Use counting option “verbose”; and logging modules for multiple level of output, e.g. “quite”; -> “info”; -> “verbose output”; -> “debug info”;, avoid repeatedly changing debug code.
2. Version control
I stored code and doc of one project to Github. Every stage of code was committed, so I can track the project process, and sometimes roll back a previous version, which is every important.
3. Make scripts compatible with common filetype
For example, NGS reads are often saved as fq.gz file, tools should accept both plain fastq and gzipped fq.gz file, just according to the file name.
Save big file as gzip file to save disk space.
And also, some tools should also support reading from standard input (stdin) and writing to standard output (stdout), so they could be integrated in shell pipe.
4. Well file and directory organization
A script may be used to handle different datasets, it’s a good practice to save all output into one directory.
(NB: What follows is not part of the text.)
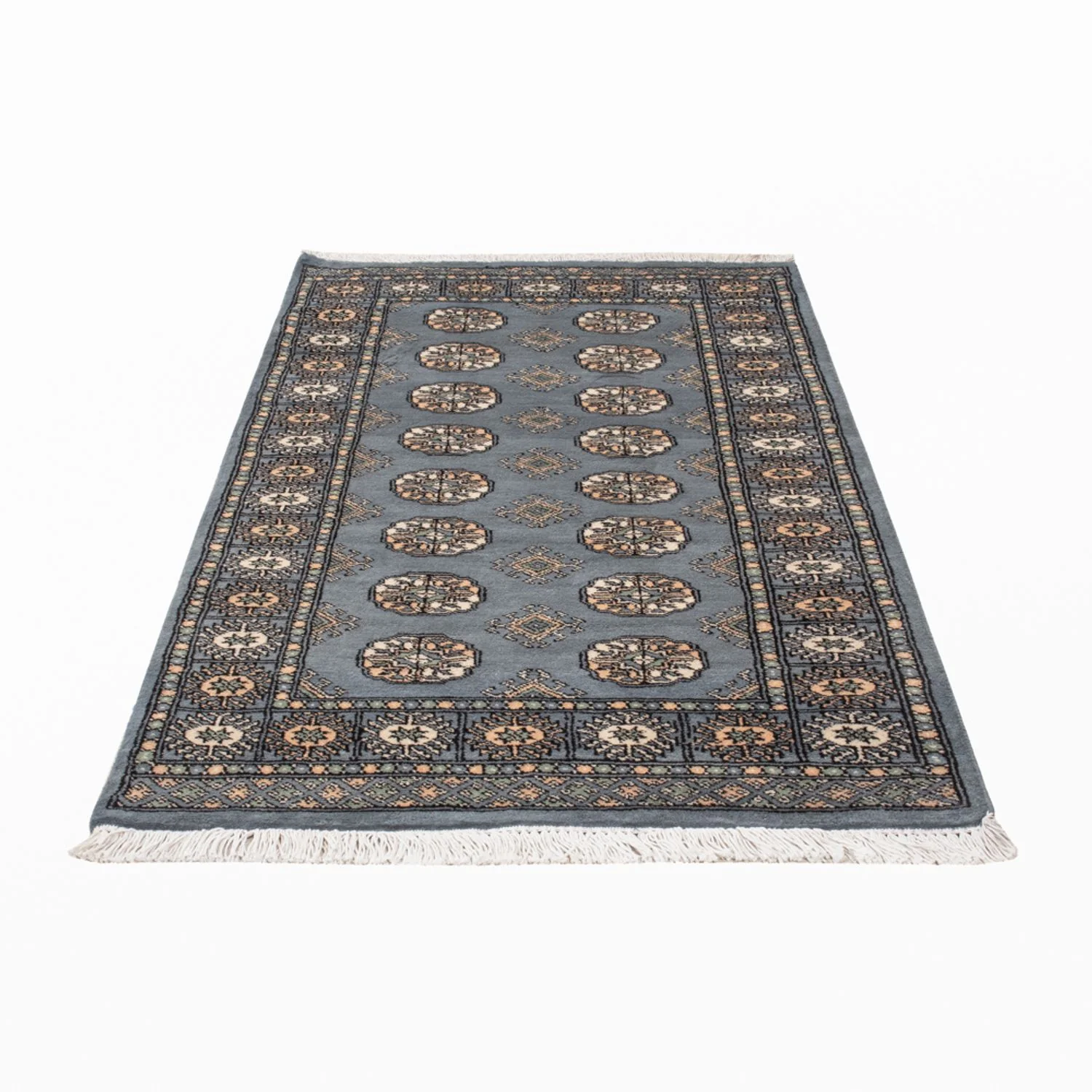Pakistan Teppich 160x96cm - Orientteppich - Image 5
Do not save to current directory.
Avoid writing thousands of file to ONE directory. Organize files in a hierarchical tree, by prefix of file name. For example:
└── output20150213
├── A
│ ├── A
│ │ ├── AAA.txt
│ │ ├── AAC.txt
│ │ ├── AAG.txt
│ │ └── AAT.txt
│ ├── C
│ │ ├── ACA.txt
│ │ ├── ACC.txt
│ │ ├── ACG.txt
│ │ └── ACT.txt
│ ├── G
│ └── T
├── C
├── G
└── T
5. Optimize code for better performance
Reading and writing file are usually bottleneck of the performance, frequently writing files should be avoid. Try caching data into memory, and cache size should be easily changed from command line option.
Do not stop optimizing the code. Other aspects, including data structure, algorithm, parallelization, could also be taking into consideration.